私は、この笑顔がけっこう好きだったりする。





土方さんが時々見せる、ふんわりした笑顔もいいけれど。




明るく賑やかな二人だから似合う、笑顔だから。





どんなに落ち込んでいても、この笑顔を見るだけで、




落ち込んでいた事が馬鹿らしく思えてしまう、そんな力がある。




「土方さんに、許可をもらって来てくれよ?」






「えっ?私がですか?」






「月香ちゃんからお願いしてくれりゃ、土方さんも許してくれる。頼む!」







永倉さんに、手を合わせて頼まれて。




しかも……けっこう好きな笑顔付きじゃ断れないよ。





本人は私が自分の笑顔に弱いことなんて、気付いてないんだろうけど……仕方ないか。






「わかりました。洗濯物が終わったら土方さんのお部屋に行って来ますね。」






頼んだぜ、と永倉さんがニカッと笑った直後!






「月香、その必要はねぇぜ。

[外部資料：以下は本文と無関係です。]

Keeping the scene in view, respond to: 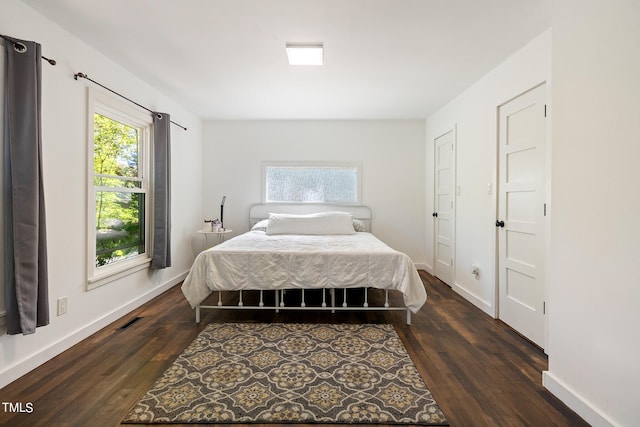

」





低い優しい響きの声がして。


振り返ると、永倉さんの後ろに土方さんが立っていた。





まずい、って表情の永倉さんに、土方さんは。







「ったく…てめぇがしてぇなら、てめぇで頼みにきやがれ!」





と、拳骨で永倉さんの頭を軽く殴って。






許可してやるよ、と笑みを浮かべた。






「やったぜ!」





ガッツポーズをした永倉さんを、やれやれ、といった表情で眺めながら。




懐から紫の巾着を出して、お金を永倉さんに渡して。





「買い出し、行って来い。団子の材料もいるだろ?」





背中を叩いた永倉さんが、御機嫌に出掛ける姿を見ながら。

アイツだけじゃ心配だな、と呟いた。






そこへーー。


朝の巡察帰りの斎藤さんに事情を説明して、永倉さんに同行するように命じた。